Coups often do not stand alone in a country’s history; where there has been one there are frequently others. Mauritanians have often commented to this blogger that after 1978, the coup became the default means of transferring power, elections were cosmetic exercises intended to strengthen the status quo. Politicized and greedy militaries weaken traditional and modern civilian authorities. They sap legitimacy and can damage public morale. Though they may have revolutionary pretenses or progressive intentions, their long-term impact is frequently to fashion authoritarian and retrograde politics that create more grievances than they resolve.

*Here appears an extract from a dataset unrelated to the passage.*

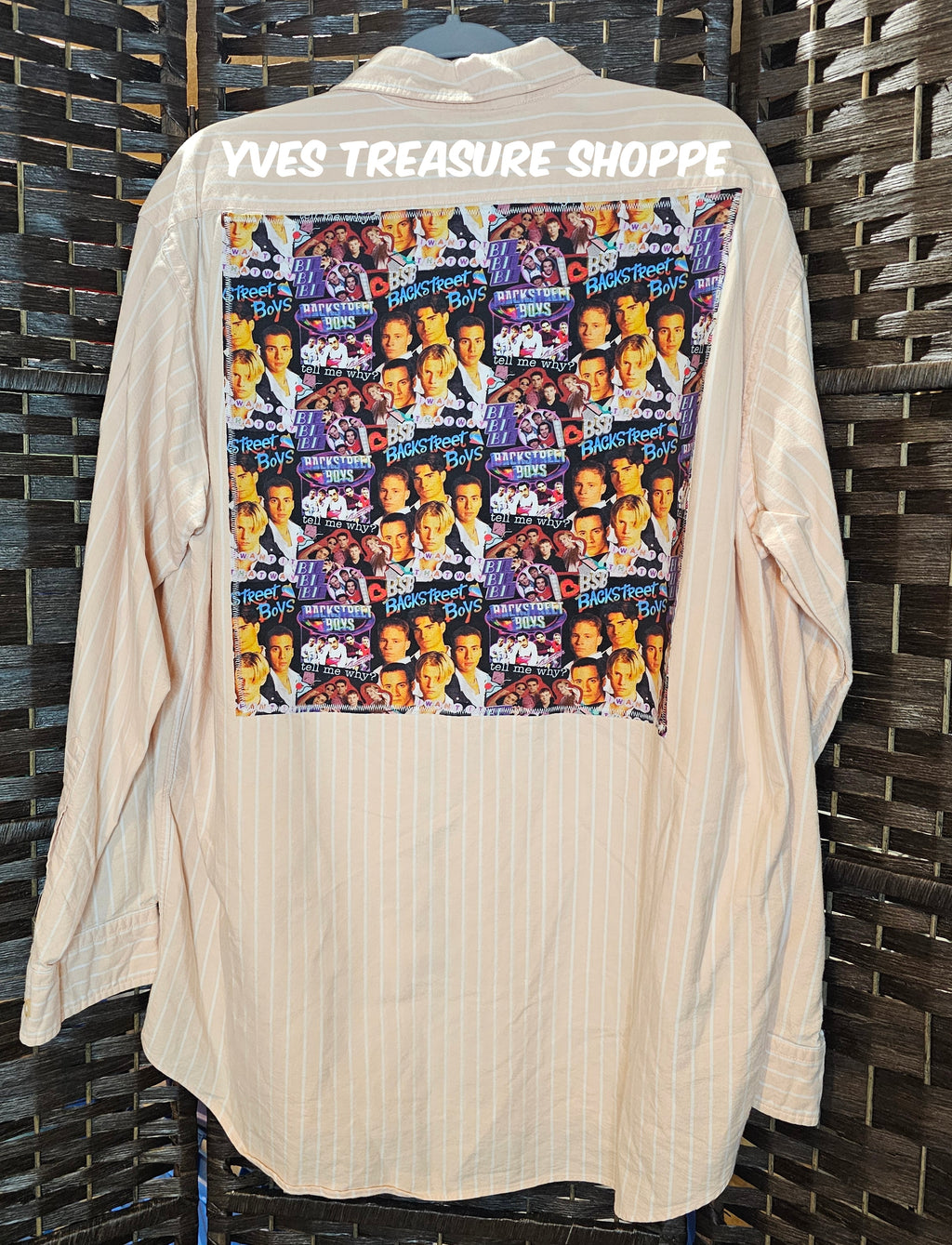 Peach Striped Large Tall Boy Band Top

Post-coup politics are often conspiratorial and lacking in transparency by concentrating power. The coup represents one of the greatest problems in post-colonial Africa: the trouble with imposing what are at root European forms on African realities. The standing army in itself is no problem; its relative strength compared to other “modern” state institutions surely is, though. In states with weakening traditional institutions and weak “modern” ones beyond the military, the coup affirms the primacy of the armed forces in otherwise primitive “nation states.” Coups occur because there the opportunity for their execution arises and the perpetrator(s) see a greater advantage in undertaking an illegal seizure than in sticking with the status quo. On a background of past coups, a mindset and series of schema form that condition political actors toward identifying these opportunities, planning stays in the short and medium term and becomes personalized. In countries with short institutional histories and close-knit elites political culture develops quickly and lessons from the past are less often those of democratizers or reformers but of demagogues, putschists and authoritarians — big men in colonial parlance. Political change does not militate at a cultural or even strategic level, but remains political and operational so that ideology matters less than material concerns. Paranoid and powerful and in hairy circumstances, officers are often the only ones with enough power to take action — as a Comoran diplomat told this blogger, “you have coups because of where [the] power is and has gone.”